── RAW DATA

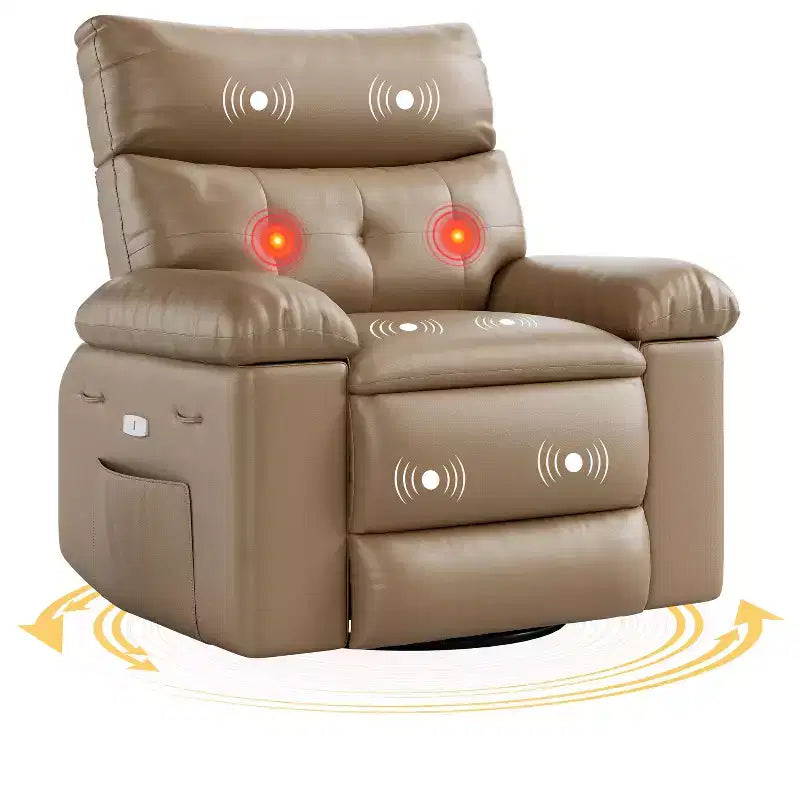 Poltrona a dondolo reclinabile extra-large con massaggio e riscaldamento, rotazione a 360°, con telecomando, portabicchieri e tasche laterali, design ergonomico.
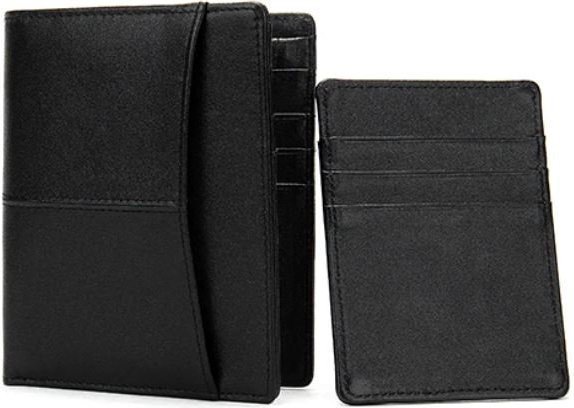 Класичне чоловіче портмоне з гладкої чорної шкіри під карти та документи Vintage (2414921)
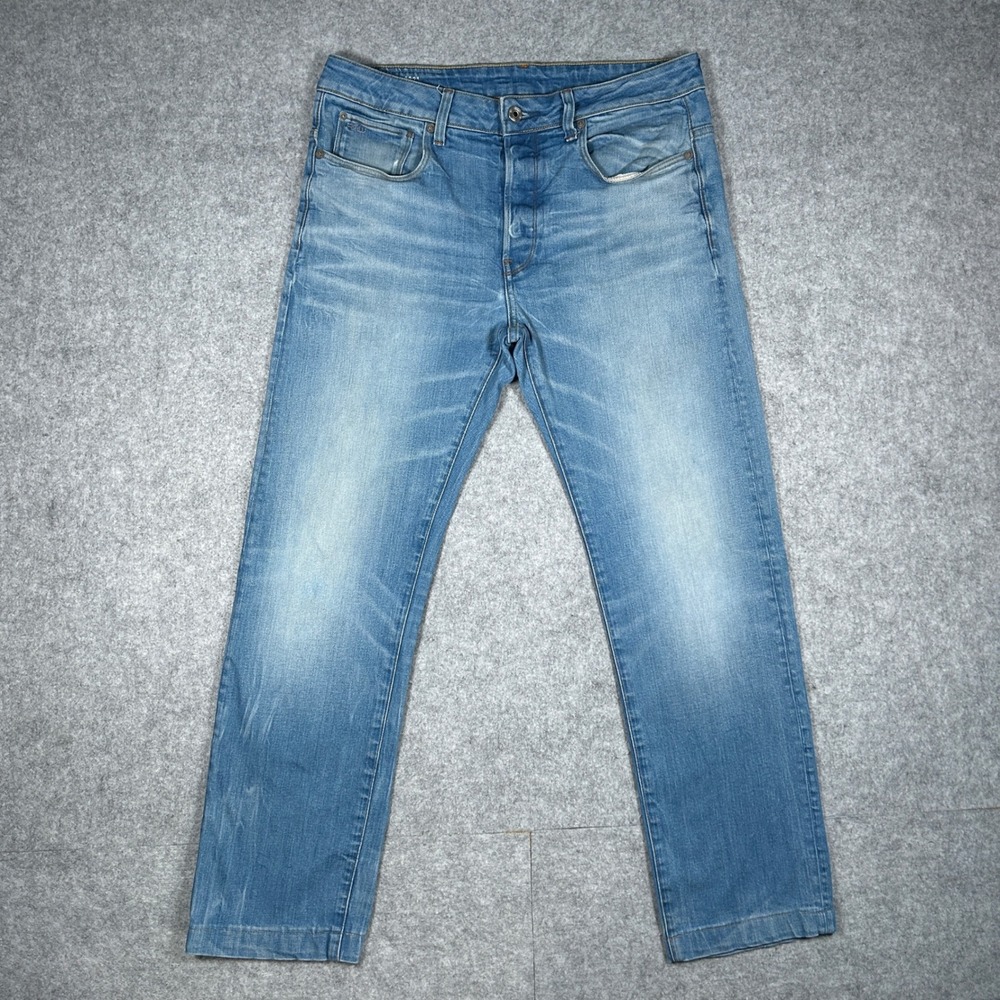 G-Star Raw Denim Jeans Men 32x34(32x28) Blue 3301 Straight Leg Casual streetwear
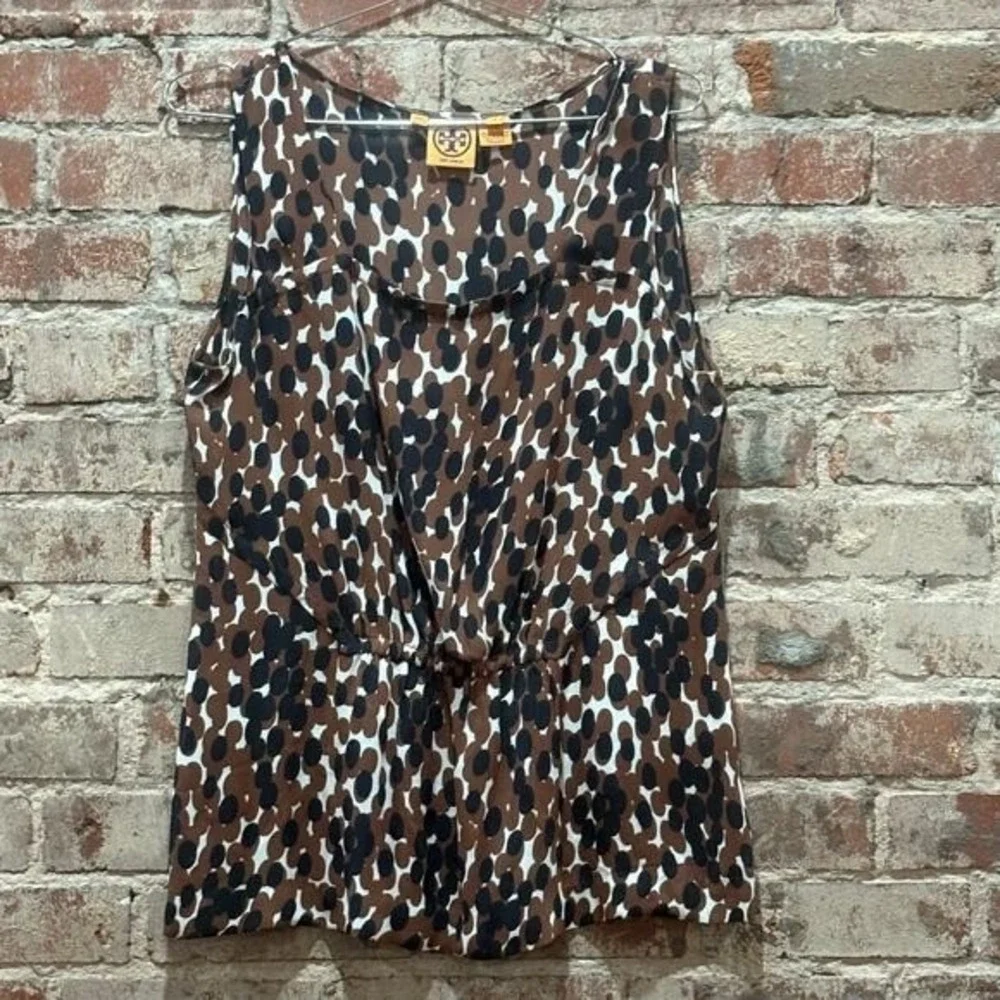 Tory Burch Abstract Leopard Print 100% Silk Sleeveless Blouse Brown Black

────

Restate the data above word for word, omitting every picture.

 Poltrona a dondolo reclinabile extra-large con massaggio e riscaldamento, rotazione a 360°, con telecomando, portabicchieri e tasche laterali, design ergonomico.
 Класичне чоловіче портмоне з гладкої чорної шкіри під карти та документи Vintage (2414921)
 G-Star Raw Denim Jeans Men 32x34(32x28) Blue 3301 Straight Leg Casual streetwear
 Tory Burch Abstract Leopard Print 100% Silk Sleeveless Blouse Brown Black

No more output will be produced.